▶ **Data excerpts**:
= Beginning of Section =

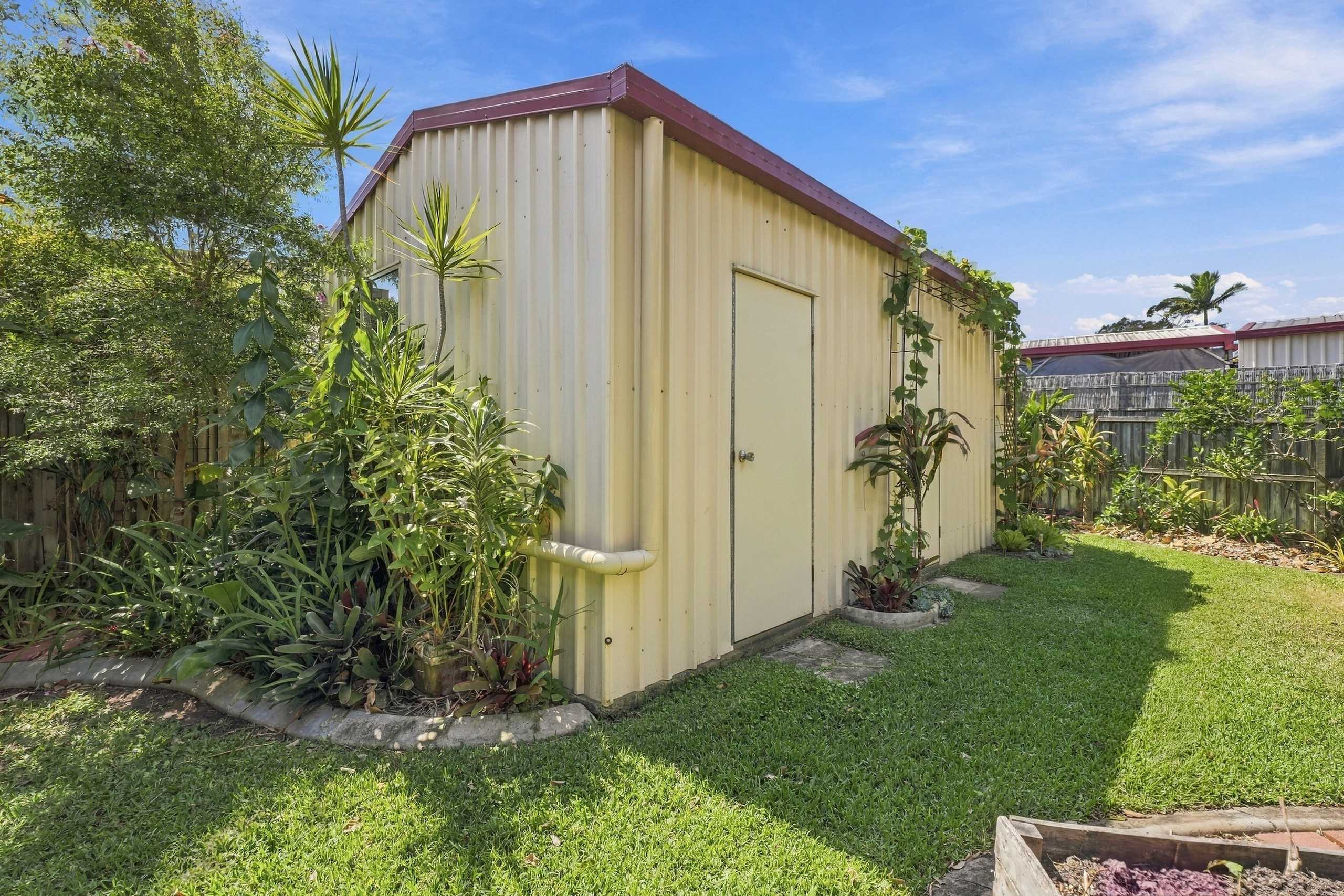4 Aqualine Drive, POINT VERNON, QLD 4655 AUS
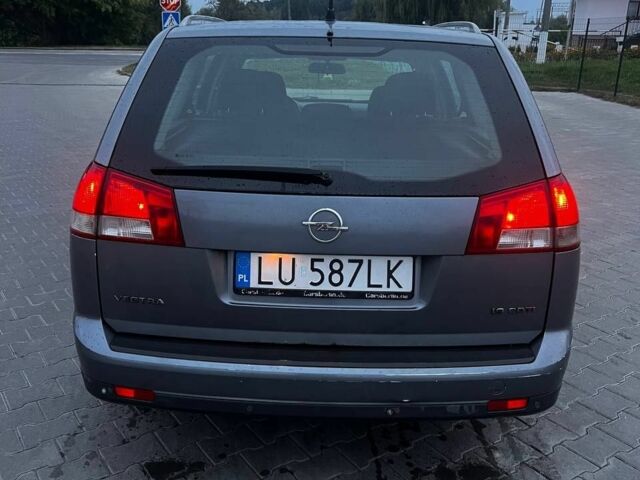 Сірий Опель Вектра, об'ємом двигуна 0 л та пробігом 350 тис. км за 2350 $, фото 2 на Automoto.ua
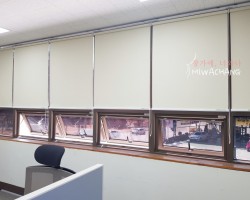 사무실 아이보리 암막롤스크린 시공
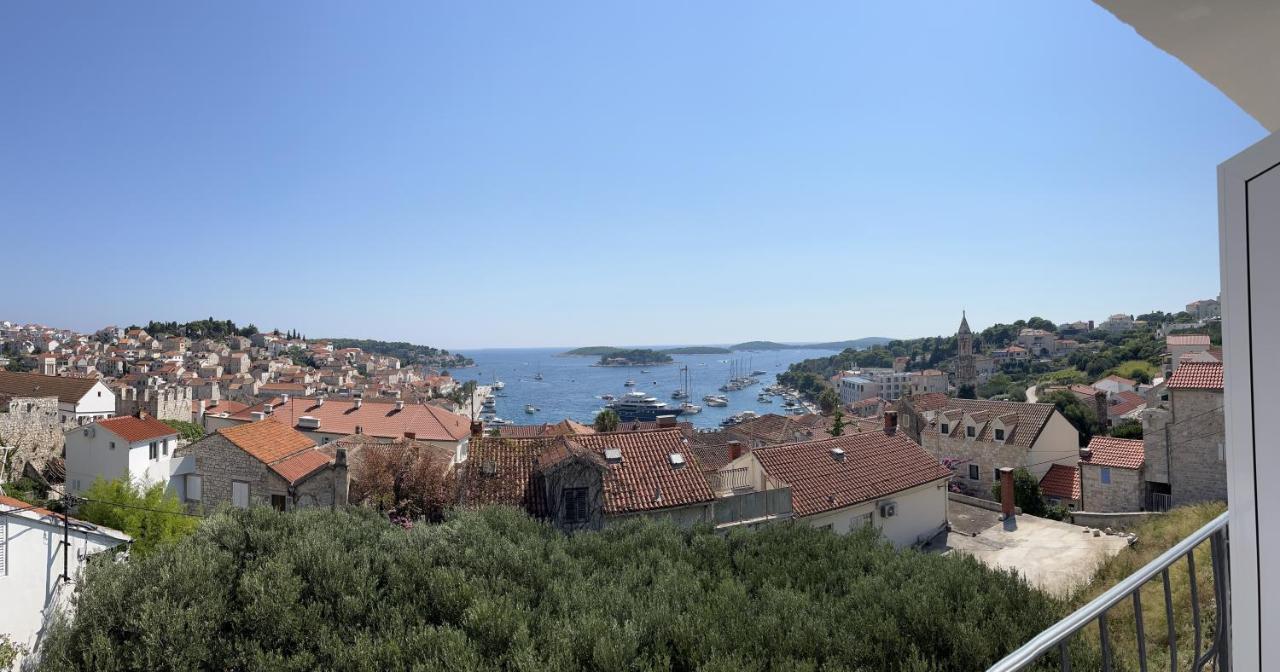 Apartment Old Town Hvar Sea View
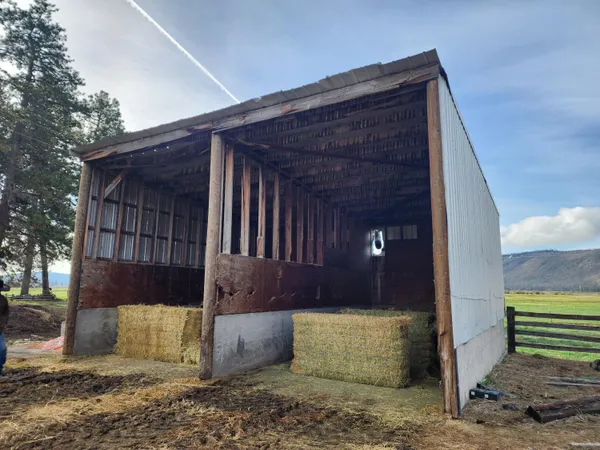 $8,500,000 | 1827 West Ball Mountain Little Shasta Road, Macdoel, CA 96058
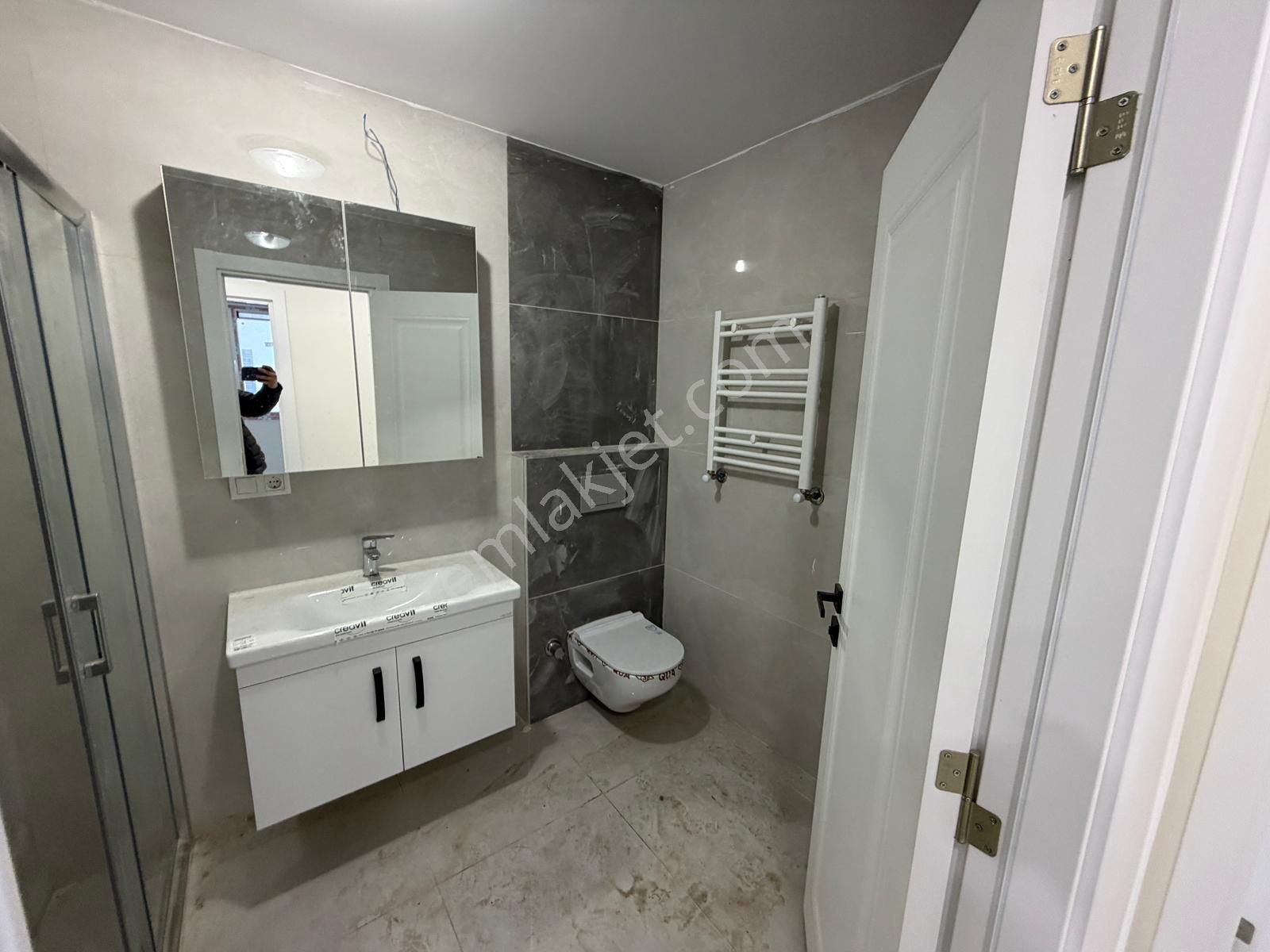 Bahçelievler Merkez Mh. Sıfır Oturuma Hazır Kapalı Otoparklı 2+1 Lüks Asansörlü - Görsel 17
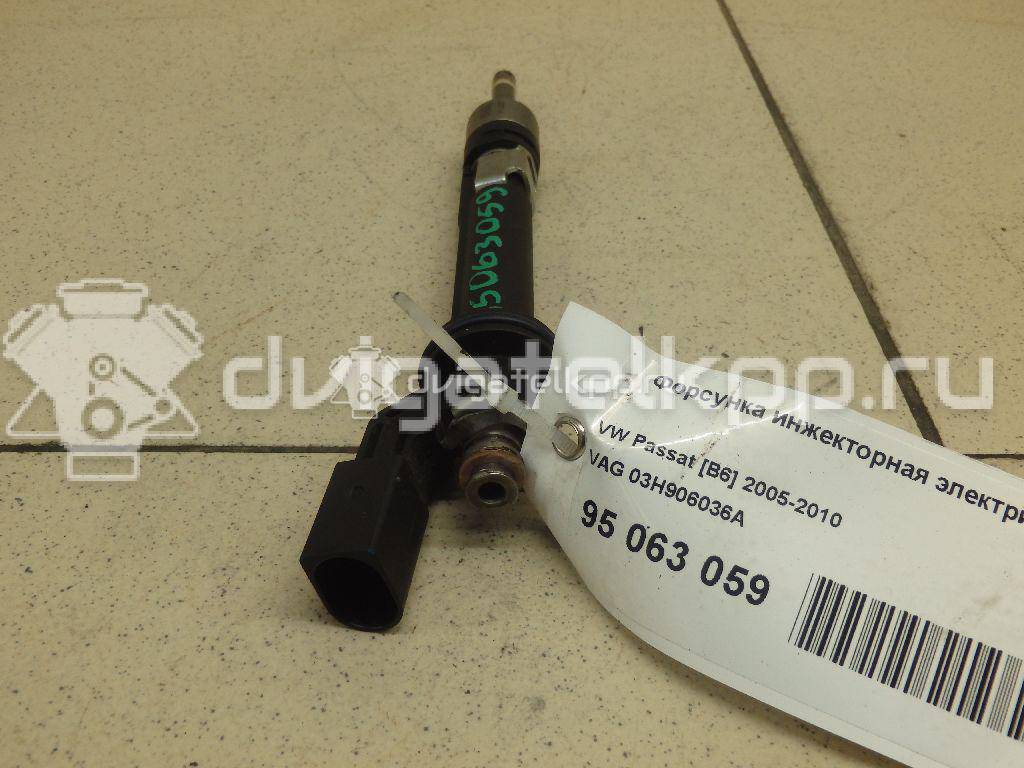 Фото Форсунка инжекторная электрическая  03h906036a для porsche Cayenne {forloop.counter}}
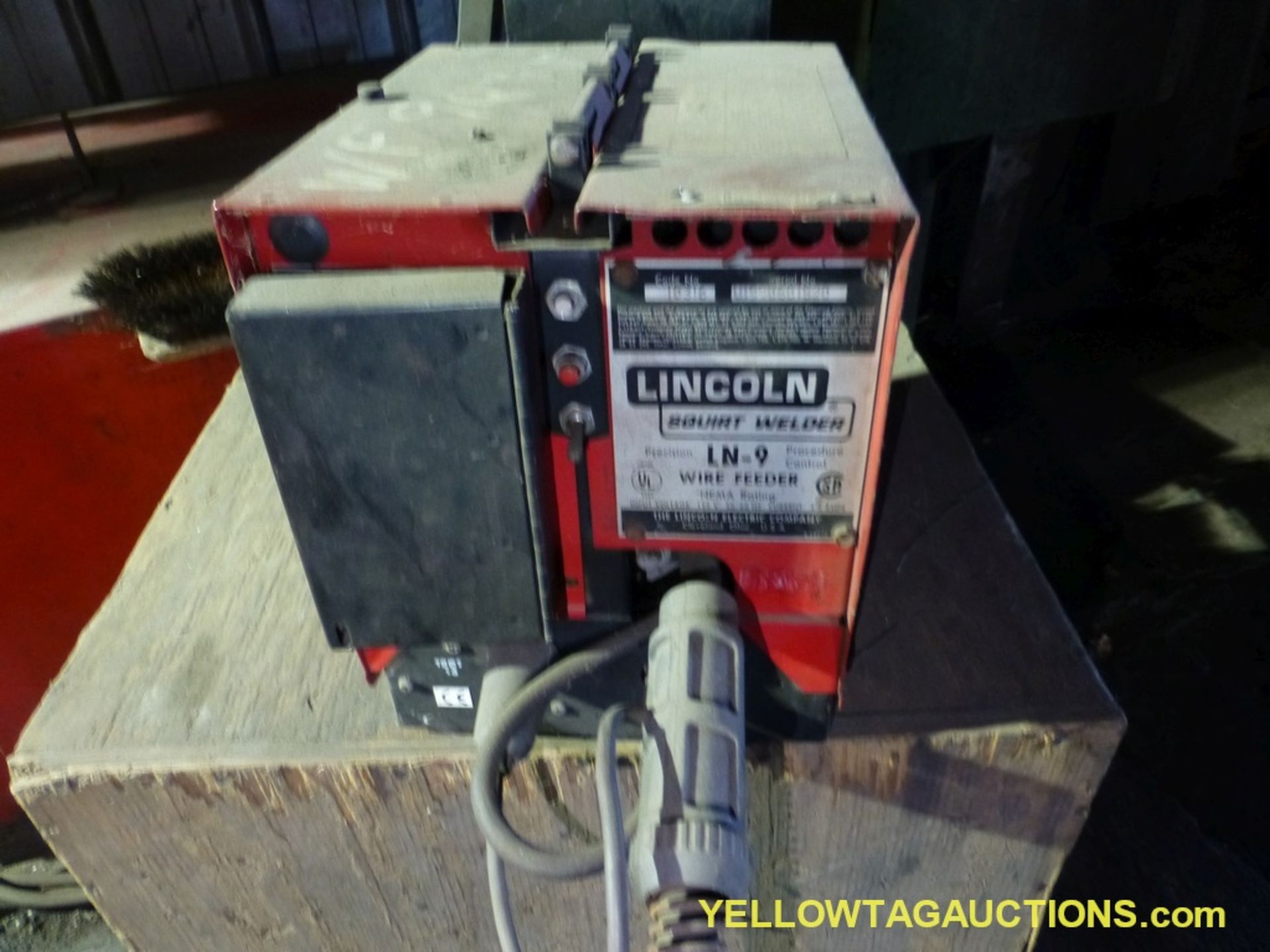 Lot of (2) Lincoln Welding Components | (1) Ideal Arc DC 600 Arc Welder; (1) Squirt Welder Wire Feed - Image 8 of 11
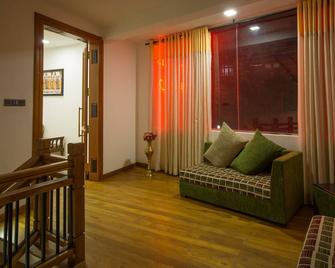 Hill Pride City Hotel - Nuwara Eliya - Living room
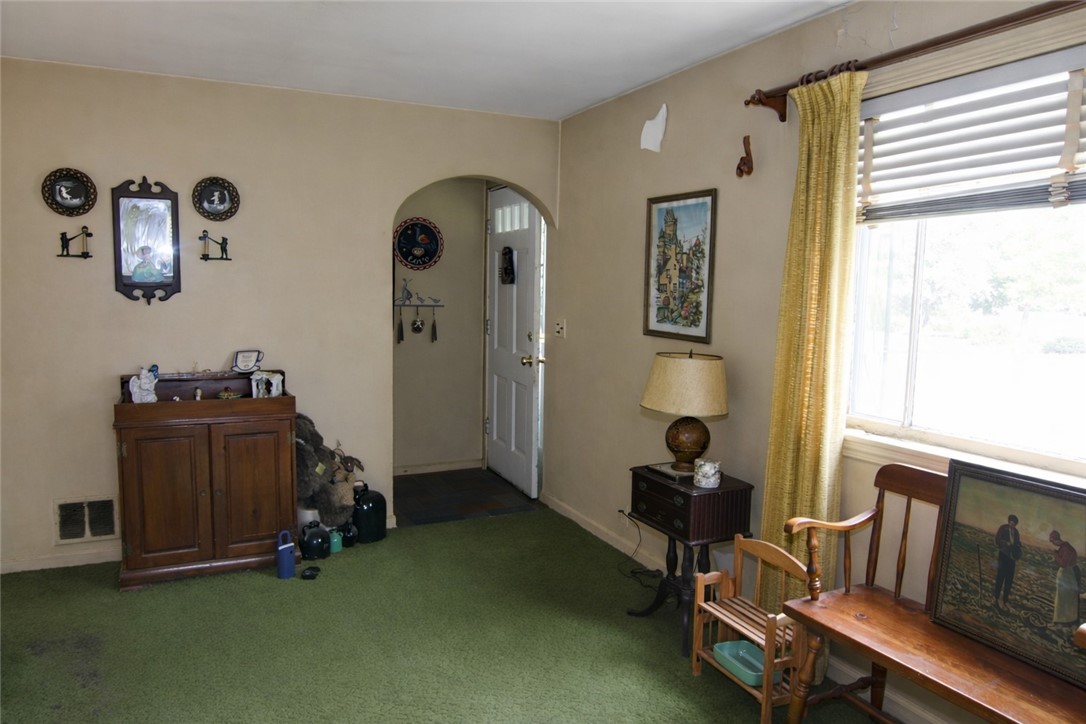 89 Alpine Road Greece, NY 14612 - Photo 6 of 23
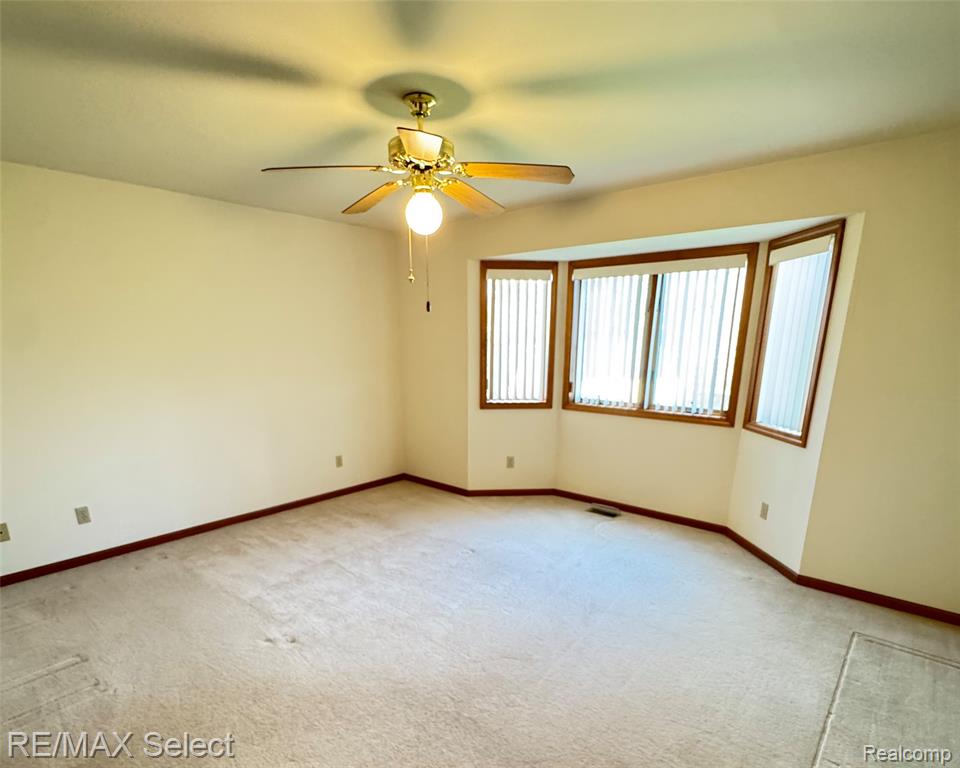 6011 Oak Creek Drive, Swartz Creek, MI 48473 — Photo 15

= End of Section =

▶ **WHAT TO WORK ON**: Since the pictures are not part of the copy, please transcribe only the lines above from the one with "Сірий Опель Вектра, об'ємом" through the one with "Bahçelievler Merkez Mh.", exactly and with both ends.

▶ **TASK ANSWER**:
 Сірий Опель Вектра, об'ємом двигуна 0 л та пробігом 350 тис. км за 2350 $, фото 2 на Automoto.ua
 사무실 아이보리 암막롤스크린 시공
 Apartment Old Town Hvar Sea View
 $8,500,000 | 1827 West Ball Mountain Little Shasta Road, Macdoel, CA 96058
 Bahçelievler Merkez Mh. Sıfır Oturuma Hazır Kapalı Otoparklı 2+1 Lüks Asansörlü - Görsel 17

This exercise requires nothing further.